IMF urges Zim to stabilize local currency, exchange rates

Business Reporter
THE International Monetary Fund’s (IMF) has urged Zimbabwe to urgently work towards revamping the ZWL stability and eliminate exchange rates volatilities bedeviling the economy.
In a statement to mark the end of the two weeks long visit , the IMF delegation took a swipe on the local currency challenges obtaining in the economy.
“Local currency ZWL instability has intensified: the official exchange rate has depreciated by about 95% since the beginning of December 2023: the gap to the parallel market rate remains wide above 30% and ZWL inflation is very high.
“This instability weighs on sentiment while exchange rate restrictions prescribing retailers to use the official ZWL exchange rate with up to a 10% margin-inflating US$ prices continue to be a burden on the formal sector,” said the delegation in a statement.
The reputable institution observed that instability promotes informality, eroding the tax base and undermining longer growth prospects with the risks remain skewed to the downside and the outlook will crucially depend on progress towards macroeconomic stabilization and transformational structural reforms.

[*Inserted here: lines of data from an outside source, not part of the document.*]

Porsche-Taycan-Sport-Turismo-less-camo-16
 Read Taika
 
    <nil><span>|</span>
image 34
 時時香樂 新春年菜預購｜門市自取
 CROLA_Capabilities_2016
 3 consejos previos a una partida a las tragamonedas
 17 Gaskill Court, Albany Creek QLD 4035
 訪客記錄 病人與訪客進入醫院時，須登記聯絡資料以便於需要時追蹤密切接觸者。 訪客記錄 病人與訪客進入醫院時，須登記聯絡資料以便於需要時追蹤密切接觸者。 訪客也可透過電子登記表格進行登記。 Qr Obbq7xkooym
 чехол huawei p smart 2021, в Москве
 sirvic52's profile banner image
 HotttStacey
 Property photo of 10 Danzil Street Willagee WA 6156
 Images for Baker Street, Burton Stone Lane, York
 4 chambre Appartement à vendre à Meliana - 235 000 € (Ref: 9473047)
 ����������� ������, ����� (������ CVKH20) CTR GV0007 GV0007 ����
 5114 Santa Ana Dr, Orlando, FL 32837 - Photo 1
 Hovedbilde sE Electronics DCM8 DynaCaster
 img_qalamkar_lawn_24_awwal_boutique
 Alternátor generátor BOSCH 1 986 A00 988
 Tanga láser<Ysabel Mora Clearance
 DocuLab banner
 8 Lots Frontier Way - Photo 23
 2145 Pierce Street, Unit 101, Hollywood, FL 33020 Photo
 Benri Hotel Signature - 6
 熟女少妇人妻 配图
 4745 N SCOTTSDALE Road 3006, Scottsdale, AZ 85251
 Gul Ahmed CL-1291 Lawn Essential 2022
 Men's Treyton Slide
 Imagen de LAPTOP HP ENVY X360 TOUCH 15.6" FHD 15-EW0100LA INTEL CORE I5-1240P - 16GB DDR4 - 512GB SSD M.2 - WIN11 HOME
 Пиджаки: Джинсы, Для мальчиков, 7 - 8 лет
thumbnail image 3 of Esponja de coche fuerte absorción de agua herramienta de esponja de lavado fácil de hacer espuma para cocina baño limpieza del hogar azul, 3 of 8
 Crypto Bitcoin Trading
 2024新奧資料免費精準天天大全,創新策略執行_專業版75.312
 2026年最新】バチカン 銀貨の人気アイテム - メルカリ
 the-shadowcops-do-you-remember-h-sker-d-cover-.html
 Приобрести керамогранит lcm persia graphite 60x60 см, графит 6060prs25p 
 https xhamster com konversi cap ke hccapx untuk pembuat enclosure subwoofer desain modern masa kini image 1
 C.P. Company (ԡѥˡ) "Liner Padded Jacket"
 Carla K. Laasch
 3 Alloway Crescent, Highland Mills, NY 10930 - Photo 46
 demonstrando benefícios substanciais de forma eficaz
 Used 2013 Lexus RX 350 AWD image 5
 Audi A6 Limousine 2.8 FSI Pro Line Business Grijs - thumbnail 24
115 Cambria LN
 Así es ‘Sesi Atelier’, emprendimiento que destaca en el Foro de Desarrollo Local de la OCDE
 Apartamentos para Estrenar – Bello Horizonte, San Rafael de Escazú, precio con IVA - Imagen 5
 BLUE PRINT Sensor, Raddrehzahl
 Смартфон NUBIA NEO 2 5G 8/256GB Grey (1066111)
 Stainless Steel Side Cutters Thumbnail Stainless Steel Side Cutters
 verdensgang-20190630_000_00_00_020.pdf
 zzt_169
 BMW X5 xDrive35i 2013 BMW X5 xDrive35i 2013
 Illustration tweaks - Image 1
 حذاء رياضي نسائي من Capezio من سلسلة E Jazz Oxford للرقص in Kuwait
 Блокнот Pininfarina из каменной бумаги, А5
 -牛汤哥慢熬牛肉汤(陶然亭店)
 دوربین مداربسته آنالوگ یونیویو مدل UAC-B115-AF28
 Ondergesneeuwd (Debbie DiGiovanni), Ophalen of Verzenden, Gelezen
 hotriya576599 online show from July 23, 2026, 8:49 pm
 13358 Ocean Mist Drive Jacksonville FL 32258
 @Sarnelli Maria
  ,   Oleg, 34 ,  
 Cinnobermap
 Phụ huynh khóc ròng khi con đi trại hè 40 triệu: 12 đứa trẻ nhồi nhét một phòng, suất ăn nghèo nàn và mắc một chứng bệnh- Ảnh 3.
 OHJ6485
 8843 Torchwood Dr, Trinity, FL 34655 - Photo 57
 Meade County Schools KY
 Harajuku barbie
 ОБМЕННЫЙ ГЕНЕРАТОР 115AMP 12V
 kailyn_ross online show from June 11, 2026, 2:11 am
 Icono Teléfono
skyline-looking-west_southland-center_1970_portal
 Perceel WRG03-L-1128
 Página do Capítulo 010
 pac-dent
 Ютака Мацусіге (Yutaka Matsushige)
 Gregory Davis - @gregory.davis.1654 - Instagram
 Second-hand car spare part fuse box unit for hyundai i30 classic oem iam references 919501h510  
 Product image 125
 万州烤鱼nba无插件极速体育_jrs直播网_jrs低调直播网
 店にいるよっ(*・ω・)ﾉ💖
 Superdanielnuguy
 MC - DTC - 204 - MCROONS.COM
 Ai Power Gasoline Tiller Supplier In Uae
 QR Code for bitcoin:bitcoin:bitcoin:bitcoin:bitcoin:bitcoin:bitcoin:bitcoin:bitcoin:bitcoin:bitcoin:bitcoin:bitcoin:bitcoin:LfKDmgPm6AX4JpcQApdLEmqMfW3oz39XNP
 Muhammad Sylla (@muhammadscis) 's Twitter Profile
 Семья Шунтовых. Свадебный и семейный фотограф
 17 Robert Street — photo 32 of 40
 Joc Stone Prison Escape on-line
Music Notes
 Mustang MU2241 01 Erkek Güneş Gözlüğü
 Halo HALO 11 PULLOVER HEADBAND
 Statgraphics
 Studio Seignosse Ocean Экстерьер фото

They called for the urgent need to addressing the sources fiscal pressures including Quasi Fiscal Operations of the Reserve Bank of Zimbabwe (RBZ) highlighting the urgent need to amend the law in order to align the central bank to its core mandate.
“Structural reforms aimed at improving the business climate, strengthening economic governance and reducing corruption vulnerabilities are key for promoting sustained and inclusive growth and bode well and bode well for supporting Zimbabwe’s development objectives embodied in the country’s National Development Strategy 1 (2021 – 2025),” the IMF said.
The delegation which visited Harare on January 31 – February 14 2024 also discussed the Authorities request for a Staff Monitored Program (SMP) and commence 2024, to discuss the authorities request for a Staff Monitored Program and commence 2024 Article IV Consultation.